纪婉卿自知失态,握着他手塞回被子里,瓮声瓮气道,“不去医院了,你躺会,我陪着你,不舒服要说。”
我病,她不高兴吗,钟钰又不懂了,觉得太复杂,开始深思,才收束的焦距再度扩散,残余药力借着恍惚彻底激发至四肢百骸。
平时就木木的,生病了更木,纪婉卿见人阖眼,呼吸匀缓陷入睡眠,渐渐安心,但也不敢完全放松。
她收拾完客厅的狼藉,又怕钟钰半夜醒来肚子饿,重新回屋取了份红枣汤,然后就一直靠坐在男人床边守着,直到自己犯困支撑不住。

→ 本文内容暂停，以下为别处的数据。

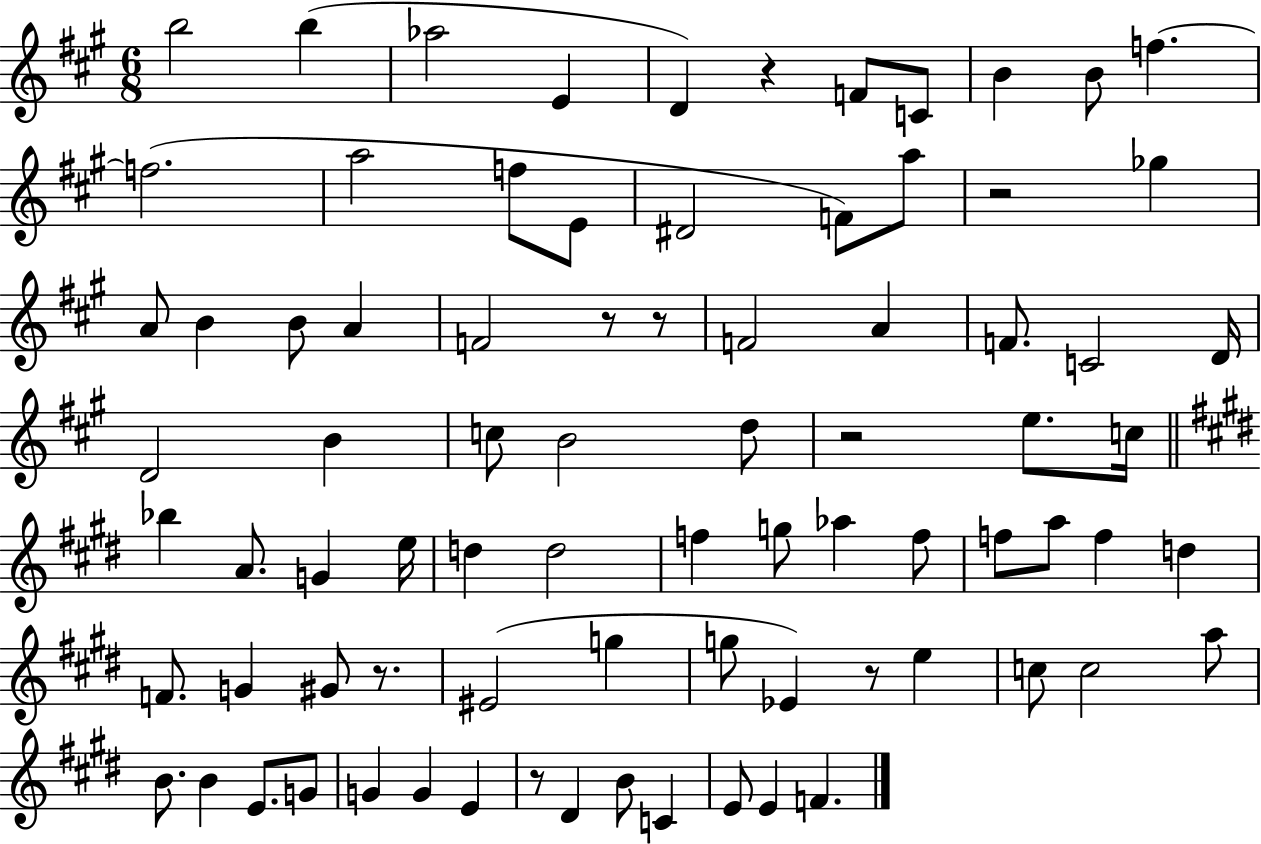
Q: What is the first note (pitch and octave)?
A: B5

迷糊间身子倾倒,一阵天旋地转,失重感未如预料地来临,而那个本该安静躺着的病患欺压到了身上。
男人低垂脑袋,单薄的夏日衣物汗湿,遮掩不住他强悍的体魄,双臂悬在女人身旁支撑。
短暂恍惚后,纪婉卿惊醒,发觉姿势不妥,她下意识挣扎想逃,可健壮有力的长腿已然钳制在她腰侧。
钟钰弓起腰背,肩胛骨隆起与背脊一同随粗沉呼吸起伏,炙热目光隐在杂乱发丝后,此时的他就如同一头盯上猎物,蓄势待发的猛兽。
明明同一张面孔,不曾变化,连那无表情的样子也,可眼前的钟钰透露出一股危险的陌生感,令纪婉卿心悸。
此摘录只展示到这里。